Thanks for your interest and assistance.

gkbikers


----------



## gkbikers (Sep 27, 2012)

ncollar said:


> I would like to see some pictures of MillRite. I have got a e-manuel for my machine, I will attach it for you maybe you can use it.
> Nelson Collar
> 
> You can't escape the responsibility of tomorrow by evading it today. May the Lord Direct Your Steps
> "When injustice becomes law - resistance becomes duty."



Sorry for the long delay in responding. I've been preoccupied for the last couple of months.

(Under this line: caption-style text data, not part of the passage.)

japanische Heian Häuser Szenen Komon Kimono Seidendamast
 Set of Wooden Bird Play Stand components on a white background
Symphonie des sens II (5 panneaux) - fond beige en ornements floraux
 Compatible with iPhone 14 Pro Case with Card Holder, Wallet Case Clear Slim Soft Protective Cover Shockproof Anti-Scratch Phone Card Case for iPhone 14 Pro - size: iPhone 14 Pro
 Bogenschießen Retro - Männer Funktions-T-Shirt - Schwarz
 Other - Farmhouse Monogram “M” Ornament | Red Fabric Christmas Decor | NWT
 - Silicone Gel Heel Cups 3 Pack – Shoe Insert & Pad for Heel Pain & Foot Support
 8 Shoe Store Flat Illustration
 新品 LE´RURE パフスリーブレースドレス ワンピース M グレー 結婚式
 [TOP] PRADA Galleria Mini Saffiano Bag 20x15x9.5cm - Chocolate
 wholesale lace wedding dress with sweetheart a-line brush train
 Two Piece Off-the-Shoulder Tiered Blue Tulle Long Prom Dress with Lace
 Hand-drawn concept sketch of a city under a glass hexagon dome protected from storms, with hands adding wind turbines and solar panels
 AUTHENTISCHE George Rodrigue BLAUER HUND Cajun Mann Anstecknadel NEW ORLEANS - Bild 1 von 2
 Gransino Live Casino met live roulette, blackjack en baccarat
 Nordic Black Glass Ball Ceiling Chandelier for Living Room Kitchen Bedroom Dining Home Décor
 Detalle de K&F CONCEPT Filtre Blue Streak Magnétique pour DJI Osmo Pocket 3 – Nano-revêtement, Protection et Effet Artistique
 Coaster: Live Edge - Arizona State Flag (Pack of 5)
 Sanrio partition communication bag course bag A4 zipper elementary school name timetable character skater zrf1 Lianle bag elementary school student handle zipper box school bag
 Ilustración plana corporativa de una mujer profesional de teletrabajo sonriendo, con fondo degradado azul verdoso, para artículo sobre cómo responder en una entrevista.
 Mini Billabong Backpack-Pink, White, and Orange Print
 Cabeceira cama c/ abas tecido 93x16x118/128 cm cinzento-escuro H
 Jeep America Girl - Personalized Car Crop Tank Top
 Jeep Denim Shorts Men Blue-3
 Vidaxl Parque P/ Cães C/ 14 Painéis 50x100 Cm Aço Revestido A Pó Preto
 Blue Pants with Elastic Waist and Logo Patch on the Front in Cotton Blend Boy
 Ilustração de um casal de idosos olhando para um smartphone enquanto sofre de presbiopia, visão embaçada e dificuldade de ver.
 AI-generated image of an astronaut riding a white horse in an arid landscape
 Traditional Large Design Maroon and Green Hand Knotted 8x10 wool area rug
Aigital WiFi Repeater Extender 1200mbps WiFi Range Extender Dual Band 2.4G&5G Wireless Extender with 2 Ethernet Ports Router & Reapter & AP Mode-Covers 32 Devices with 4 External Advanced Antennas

Here's a pic of my machine and a picture of a similar machine in better condition:


----------



## kilroy (Oct 3, 2012)

gkbikers, I just joined and what do I see but another U.S Machine mill like mine. Mine is a model VT  . Have it up and running now for a short time, just getting use to it.  It has brown& sharpe #9 taper, so tooling has been an adventure. I now have a full set of tool holders and collets. I am now waiting on the new vise to show up from ENCO. I also have the original set up paper work the manual and lub chart.


----------



## tkingmo (Oct 3, 2012)

I have the #2 VM. I wonder how they are different?


----------



## gkbikers (Oct 9, 2012)

kilroy said:


> gkbikers, I just joined and what do I see but another U.S Machine mill like mine. Mine is a model VT . Have it up and running now for a short time, just getting use to it. It has brown& sharpe #9 taper, so tooling has been an adventure. I now have a full set of tool holders and collets. I am now waiting on the new vise to show up from ENCO. I also have the original set up paper work the manual and lub chart.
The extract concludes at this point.